2023-05-03Updog

Many years ago, we went to London to watch football. Arsenal won, of course, so the game itself was sort of forgettable, and what ended up sticking mostly in my mind was the overall experience of Emirates Stadium. I would describe it as solid, pricey, and sort of... sterile? Modern oligarch-owned football trends towards expensive food and drink and a very exit-through-the-gift-shop atmosphere. That's fine, I suppose! Football isn't just about the game itself: it's the pre-game beer, the jam-packed Underground station, the discussions afterwards. And of course, we did some more tourism while we were there. I remember Kew Gardens the most.

Upon arriving at Kew (which is amazing and well worth a visit) my younger brother unexpectedly pulled an Alexander Pope epigram from memory. It was written on the collar of a puppy given to the Prince of Wales in the 1700s:

I am His Highness' dog at Kew.
Pray tell me, sir, whose dog are you?

Lovely!
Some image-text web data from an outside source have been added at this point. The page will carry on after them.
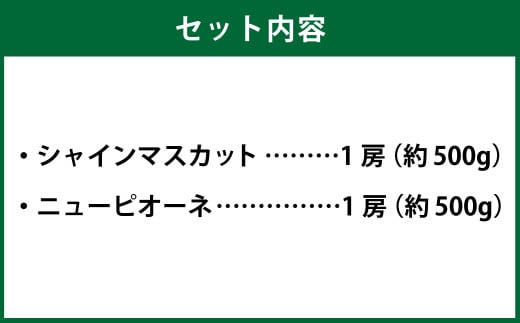 岡山県産 シャインマスカット「晴王」とニューピオーネ 2Lサイズ 計約1kg 【2026年8月下旬～9月下旬迄発送予定】 くだもの フルーツ 詰め合わせ ぶどう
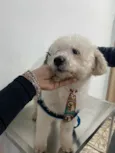 Poodle branco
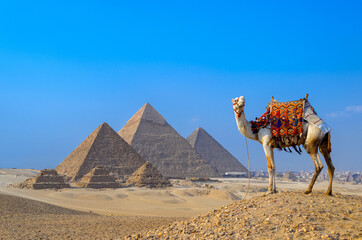 camel and pyramids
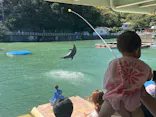 下田海中水族館に投稿された画像（2026/9/22）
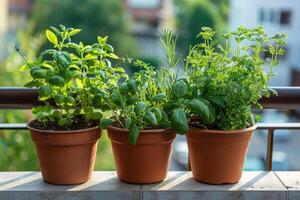 AI generated Fresh green herbs basil, rosemary and coriander in pots on the terrace of the house photo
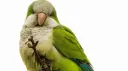 Avali Appreciation Club Discord server banner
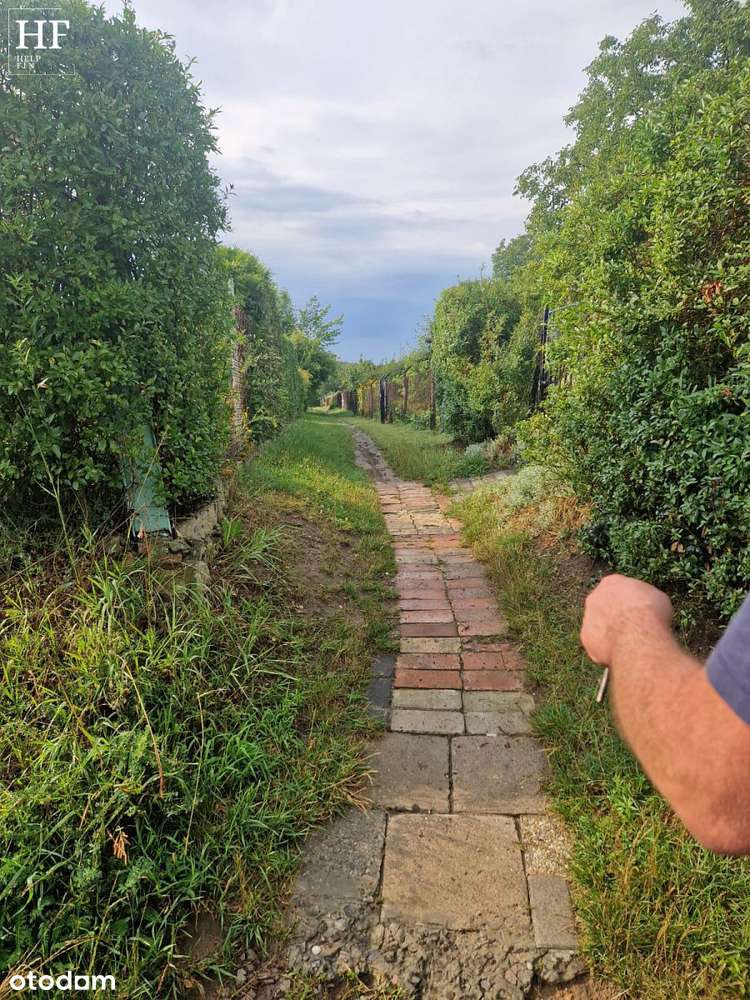 Działka ROD - Pełny obrazek: 4/15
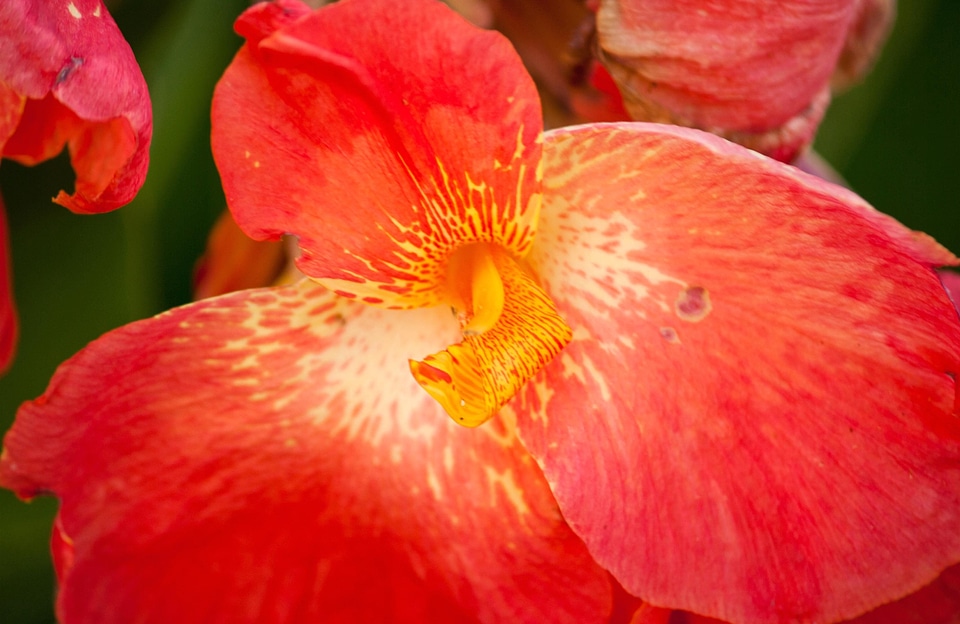 Beautiful Flowers bloom blooming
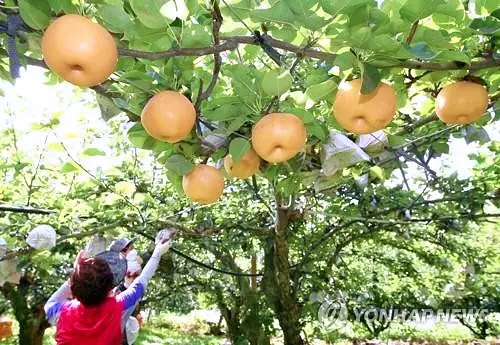 전남 나주 달콤한 과일 배 파는 곳 전국 택배 온라인 전화 주문 추천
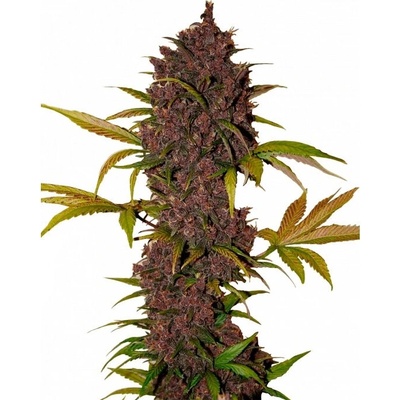 Fastbuds LSD-25 Auto semienka neobsahujú THC 100 ks
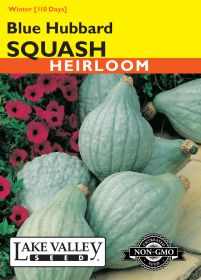 Squash (Winter) Blue Hubbard - Item #3382
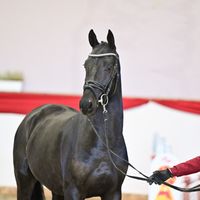 Hengst V. Darletto - Casado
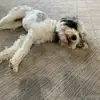 maurer_jon - @maurerjon - TikTok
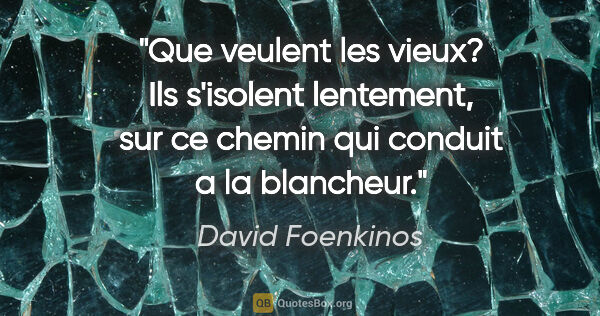 David Foenkinos citation: "Que veulent les vieux? Ils s'isolent lentement, sur ce chemin..."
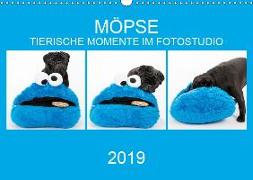 MÖPSE - tierische Momente im Fotostudio (Wandkalender 2019 DIN A3 quer)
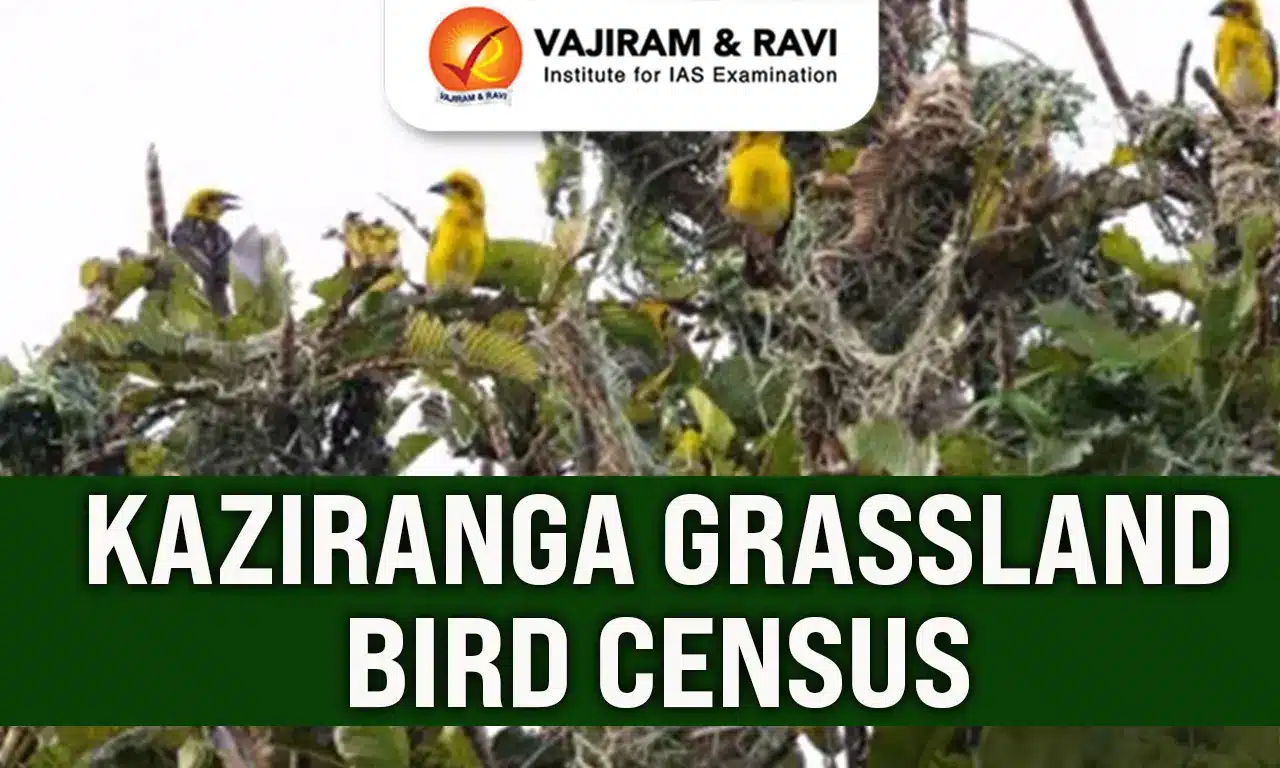 Kaziranga Grassland Bird Census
And I think of that sometimes, because aren't we all the Internet's dog now?

Performance anxiety

Commenting on social media, posting a photo, blogging, really anything you put out there will inevitably land you in some kind of performance. Usually a pretty low-intensity performance, like "what will my friends and family think?" or "is this too spicy for LinkedIn?" but it's always there in some form, in the back of your mind. You're singing and dancing for somebody, whoever you picture them to be.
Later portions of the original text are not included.